#### [DATA TO PROCESS]
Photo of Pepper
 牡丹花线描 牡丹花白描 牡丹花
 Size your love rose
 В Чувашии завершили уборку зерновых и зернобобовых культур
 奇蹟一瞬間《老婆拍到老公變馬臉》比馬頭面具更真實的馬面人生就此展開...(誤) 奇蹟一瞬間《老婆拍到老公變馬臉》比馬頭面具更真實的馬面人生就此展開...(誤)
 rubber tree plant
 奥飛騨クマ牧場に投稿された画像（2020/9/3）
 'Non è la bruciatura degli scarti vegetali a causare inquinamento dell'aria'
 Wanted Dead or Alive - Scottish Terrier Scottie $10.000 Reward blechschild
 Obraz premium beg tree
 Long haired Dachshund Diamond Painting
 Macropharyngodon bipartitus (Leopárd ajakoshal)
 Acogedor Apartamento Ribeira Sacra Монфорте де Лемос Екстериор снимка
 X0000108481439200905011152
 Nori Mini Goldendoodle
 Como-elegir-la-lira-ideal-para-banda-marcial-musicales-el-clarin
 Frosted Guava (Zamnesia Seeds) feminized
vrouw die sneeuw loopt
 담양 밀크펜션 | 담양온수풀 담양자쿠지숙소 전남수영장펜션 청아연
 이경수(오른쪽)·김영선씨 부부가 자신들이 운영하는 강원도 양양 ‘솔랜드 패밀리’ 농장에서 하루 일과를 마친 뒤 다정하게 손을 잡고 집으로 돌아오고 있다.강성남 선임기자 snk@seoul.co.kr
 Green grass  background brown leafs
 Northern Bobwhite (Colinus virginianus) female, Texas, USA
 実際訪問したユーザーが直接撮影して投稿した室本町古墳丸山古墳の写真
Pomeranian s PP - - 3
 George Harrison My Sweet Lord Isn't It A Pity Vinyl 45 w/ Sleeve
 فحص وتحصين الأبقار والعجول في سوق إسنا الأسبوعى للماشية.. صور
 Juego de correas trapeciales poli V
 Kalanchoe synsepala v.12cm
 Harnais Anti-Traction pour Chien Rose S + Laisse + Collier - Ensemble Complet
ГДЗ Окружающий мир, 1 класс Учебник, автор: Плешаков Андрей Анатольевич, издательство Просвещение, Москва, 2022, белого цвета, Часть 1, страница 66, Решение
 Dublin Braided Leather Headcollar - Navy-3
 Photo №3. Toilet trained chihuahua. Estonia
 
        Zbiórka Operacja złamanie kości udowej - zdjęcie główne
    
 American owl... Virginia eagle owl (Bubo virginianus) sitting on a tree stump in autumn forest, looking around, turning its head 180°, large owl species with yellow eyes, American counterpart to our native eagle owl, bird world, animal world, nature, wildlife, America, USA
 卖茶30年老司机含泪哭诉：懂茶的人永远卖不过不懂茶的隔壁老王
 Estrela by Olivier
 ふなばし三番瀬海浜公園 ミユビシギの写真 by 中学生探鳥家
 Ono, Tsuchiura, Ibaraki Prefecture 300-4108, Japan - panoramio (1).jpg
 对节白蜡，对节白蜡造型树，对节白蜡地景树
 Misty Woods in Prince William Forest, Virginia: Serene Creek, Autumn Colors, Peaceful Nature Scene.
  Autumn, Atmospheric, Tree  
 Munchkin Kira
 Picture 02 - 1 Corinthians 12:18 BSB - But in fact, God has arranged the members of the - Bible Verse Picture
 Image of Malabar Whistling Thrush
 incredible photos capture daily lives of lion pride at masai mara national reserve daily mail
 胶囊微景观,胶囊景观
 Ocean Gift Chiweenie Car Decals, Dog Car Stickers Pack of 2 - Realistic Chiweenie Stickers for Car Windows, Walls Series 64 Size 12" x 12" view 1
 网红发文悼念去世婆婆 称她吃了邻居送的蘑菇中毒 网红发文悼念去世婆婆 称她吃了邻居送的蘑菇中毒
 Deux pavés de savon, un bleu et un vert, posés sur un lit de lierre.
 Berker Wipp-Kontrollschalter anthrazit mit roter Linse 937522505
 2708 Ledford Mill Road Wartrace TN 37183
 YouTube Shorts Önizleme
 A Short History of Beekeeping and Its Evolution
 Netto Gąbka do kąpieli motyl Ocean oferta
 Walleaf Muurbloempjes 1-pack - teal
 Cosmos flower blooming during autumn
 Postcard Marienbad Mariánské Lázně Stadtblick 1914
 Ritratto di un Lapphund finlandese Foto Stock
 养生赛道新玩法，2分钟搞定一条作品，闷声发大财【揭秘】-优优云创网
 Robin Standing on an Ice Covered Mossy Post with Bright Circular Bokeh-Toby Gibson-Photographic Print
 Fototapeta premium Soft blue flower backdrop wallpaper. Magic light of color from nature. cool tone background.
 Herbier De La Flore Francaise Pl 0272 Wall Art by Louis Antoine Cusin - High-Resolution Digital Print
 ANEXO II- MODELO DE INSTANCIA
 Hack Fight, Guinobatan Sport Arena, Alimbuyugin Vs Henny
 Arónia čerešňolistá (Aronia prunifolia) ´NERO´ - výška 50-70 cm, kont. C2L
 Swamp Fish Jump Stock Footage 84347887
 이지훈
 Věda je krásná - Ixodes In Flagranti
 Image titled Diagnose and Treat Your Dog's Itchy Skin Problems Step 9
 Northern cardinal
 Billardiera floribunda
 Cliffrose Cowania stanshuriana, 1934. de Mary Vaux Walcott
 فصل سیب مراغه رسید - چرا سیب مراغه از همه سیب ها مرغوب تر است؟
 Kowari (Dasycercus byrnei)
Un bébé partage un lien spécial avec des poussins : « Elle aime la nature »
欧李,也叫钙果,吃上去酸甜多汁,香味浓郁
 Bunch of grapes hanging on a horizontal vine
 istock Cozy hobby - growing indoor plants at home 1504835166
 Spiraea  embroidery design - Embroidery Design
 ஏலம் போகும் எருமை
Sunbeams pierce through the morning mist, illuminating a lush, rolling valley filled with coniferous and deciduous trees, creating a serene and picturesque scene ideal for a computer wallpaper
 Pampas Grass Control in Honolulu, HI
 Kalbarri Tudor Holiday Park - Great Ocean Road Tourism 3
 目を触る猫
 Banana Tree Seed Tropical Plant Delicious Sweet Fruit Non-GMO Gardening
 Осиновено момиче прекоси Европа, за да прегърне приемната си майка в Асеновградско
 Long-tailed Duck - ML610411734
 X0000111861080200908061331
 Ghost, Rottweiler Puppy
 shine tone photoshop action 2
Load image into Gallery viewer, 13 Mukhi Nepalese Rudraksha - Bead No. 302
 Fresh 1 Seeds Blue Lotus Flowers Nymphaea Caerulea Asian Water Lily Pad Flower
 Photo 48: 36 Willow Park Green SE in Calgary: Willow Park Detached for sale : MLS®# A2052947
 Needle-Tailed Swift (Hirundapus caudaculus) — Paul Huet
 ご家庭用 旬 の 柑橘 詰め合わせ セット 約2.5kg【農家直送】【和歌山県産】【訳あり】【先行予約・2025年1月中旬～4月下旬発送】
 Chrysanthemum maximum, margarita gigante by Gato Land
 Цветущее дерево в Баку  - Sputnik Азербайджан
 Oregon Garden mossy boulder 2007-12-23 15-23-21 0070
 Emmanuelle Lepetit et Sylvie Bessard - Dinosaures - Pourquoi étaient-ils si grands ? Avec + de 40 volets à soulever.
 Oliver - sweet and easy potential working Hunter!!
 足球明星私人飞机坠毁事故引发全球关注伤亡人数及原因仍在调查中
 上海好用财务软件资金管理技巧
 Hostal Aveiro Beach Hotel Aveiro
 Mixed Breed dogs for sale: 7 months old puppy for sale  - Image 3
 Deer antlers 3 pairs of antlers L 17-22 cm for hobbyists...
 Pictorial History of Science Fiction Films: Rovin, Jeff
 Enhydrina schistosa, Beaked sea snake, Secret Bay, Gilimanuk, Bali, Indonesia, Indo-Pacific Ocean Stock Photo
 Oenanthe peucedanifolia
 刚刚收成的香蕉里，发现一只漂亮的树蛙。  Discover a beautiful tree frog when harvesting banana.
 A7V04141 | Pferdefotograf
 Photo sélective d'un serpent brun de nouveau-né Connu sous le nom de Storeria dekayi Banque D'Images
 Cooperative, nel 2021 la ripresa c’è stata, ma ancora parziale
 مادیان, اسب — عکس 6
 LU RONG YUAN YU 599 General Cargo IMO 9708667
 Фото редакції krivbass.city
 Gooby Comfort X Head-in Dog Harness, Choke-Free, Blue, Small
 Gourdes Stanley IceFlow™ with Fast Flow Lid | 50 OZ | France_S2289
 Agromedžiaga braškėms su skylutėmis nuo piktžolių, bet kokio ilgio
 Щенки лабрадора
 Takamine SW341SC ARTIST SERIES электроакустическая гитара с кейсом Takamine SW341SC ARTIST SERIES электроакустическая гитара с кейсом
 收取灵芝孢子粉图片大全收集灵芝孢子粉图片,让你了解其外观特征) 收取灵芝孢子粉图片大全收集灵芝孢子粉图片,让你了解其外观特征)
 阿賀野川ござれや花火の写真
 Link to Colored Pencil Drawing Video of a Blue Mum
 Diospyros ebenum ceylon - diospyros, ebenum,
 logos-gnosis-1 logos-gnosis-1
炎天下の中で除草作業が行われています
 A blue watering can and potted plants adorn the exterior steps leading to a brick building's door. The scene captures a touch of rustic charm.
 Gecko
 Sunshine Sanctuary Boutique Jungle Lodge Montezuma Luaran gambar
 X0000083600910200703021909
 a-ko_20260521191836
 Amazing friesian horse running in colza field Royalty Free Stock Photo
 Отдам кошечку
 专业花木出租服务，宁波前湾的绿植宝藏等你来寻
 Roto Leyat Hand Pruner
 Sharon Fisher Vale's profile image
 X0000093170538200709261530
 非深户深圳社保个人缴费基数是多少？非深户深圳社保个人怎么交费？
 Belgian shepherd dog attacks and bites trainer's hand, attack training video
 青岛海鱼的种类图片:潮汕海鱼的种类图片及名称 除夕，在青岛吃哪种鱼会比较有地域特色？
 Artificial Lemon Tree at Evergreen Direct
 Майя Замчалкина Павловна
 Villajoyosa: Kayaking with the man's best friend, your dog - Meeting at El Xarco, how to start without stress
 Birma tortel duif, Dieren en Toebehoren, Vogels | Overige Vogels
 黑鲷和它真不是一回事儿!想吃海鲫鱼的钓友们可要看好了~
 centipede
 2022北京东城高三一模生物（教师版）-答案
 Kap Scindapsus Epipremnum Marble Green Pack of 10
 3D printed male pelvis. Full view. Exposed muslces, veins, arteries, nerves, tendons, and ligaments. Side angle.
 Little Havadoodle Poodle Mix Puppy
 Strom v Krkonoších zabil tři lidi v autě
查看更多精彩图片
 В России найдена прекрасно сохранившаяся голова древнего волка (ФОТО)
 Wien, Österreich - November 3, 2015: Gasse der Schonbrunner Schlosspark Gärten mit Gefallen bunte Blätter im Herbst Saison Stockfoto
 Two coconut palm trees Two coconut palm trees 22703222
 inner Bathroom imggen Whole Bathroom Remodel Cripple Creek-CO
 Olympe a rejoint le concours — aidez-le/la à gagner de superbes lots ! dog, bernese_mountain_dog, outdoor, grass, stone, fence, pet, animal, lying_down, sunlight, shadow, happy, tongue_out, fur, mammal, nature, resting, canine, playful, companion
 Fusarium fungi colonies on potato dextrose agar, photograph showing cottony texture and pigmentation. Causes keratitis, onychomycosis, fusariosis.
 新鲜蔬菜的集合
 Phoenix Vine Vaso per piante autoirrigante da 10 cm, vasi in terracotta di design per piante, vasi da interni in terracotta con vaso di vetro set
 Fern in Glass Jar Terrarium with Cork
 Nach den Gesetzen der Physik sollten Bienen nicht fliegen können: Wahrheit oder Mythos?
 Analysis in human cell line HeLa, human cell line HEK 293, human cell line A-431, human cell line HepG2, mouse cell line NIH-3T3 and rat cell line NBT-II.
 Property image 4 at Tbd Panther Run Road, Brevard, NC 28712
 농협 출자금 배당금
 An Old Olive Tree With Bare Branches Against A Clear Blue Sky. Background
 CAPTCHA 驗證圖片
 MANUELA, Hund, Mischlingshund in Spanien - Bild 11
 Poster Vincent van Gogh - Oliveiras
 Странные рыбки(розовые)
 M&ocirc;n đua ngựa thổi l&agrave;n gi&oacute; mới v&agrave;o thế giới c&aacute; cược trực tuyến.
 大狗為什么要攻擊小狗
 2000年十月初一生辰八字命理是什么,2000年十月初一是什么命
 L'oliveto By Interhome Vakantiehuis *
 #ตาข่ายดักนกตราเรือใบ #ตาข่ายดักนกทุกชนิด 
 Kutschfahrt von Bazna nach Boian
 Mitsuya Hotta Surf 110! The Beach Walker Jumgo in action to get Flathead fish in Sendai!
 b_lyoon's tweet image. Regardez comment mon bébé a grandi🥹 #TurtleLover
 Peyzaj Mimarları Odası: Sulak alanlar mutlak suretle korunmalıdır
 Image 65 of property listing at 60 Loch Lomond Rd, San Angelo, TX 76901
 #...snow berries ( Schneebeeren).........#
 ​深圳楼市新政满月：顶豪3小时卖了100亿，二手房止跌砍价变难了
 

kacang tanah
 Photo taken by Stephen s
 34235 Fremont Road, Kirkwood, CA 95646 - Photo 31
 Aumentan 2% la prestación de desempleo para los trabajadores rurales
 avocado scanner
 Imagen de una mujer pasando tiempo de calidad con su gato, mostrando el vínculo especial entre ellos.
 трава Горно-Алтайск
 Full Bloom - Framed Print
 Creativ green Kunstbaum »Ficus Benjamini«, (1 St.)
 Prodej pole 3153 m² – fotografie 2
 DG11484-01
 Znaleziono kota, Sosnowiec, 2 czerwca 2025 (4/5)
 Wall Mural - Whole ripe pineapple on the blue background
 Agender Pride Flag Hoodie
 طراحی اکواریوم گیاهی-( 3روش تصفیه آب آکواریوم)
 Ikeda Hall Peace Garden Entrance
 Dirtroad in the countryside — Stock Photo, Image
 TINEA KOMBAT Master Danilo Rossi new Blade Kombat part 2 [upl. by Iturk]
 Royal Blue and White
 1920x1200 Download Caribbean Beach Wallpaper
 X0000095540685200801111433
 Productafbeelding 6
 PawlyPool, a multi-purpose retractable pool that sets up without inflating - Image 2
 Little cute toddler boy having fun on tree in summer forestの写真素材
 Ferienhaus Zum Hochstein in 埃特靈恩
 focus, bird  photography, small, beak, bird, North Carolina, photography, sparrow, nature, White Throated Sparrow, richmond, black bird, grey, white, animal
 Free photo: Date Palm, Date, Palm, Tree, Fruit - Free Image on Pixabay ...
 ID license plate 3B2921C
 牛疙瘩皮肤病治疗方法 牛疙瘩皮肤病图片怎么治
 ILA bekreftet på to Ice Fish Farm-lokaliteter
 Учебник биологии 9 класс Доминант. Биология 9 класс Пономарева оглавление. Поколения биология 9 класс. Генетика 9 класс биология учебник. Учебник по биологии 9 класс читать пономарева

#### [INSTRUCTIONS TO FOLLOW]
Your answer should consist only of the lines above between the line holding "Estrela by Olivier" and the line holding "A Short History", inclusive, each transcribed exactly.

#### [SOLUTION TO THIS EXERCISE]
 Estrela by Olivier
 ふなばし三番瀬海浜公園 ミユビシギの写真 by 中学生探鳥家
 Ono, Tsuchiura, Ibaraki Prefecture 300-4108, Japan - panoramio (1).jpg
 对节白蜡，对节白蜡造型树，对节白蜡地景树
 Misty Woods in Prince William Forest, Virginia: Serene Creek, Autumn Colors, Peaceful Nature Scene.
  Autumn, Atmospheric, Tree  
 Munchkin Kira
 Picture 02 - 1 Corinthians 12:18 BSB - But in fact, God has arranged the members of the - Bible Verse Picture
 Image of Malabar Whistling Thrush
 incredible photos capture daily lives of lion pride at masai mara national reserve daily mail
 胶囊微景观,胶囊景观
 Ocean Gift Chiweenie Car Decals, Dog Car Stickers Pack of 2 - Realistic Chiweenie Stickers for Car Windows, Walls Series 64 Size 12" x 12" view 1
 网红发文悼念去世婆婆 称她吃了邻居送的蘑菇中毒 网红发文悼念去世婆婆 称她吃了邻居送的蘑菇中毒
 Deux pavés de savon, un bleu et un vert, posés sur un lit de lierre.
 Berker Wipp-Kontrollschalter anthrazit mit roter Linse 937522505
 2708 Ledford Mill Road Wartrace TN 37183
 YouTube Shorts Önizleme
 A Short History of Beekeeping and Its Evolution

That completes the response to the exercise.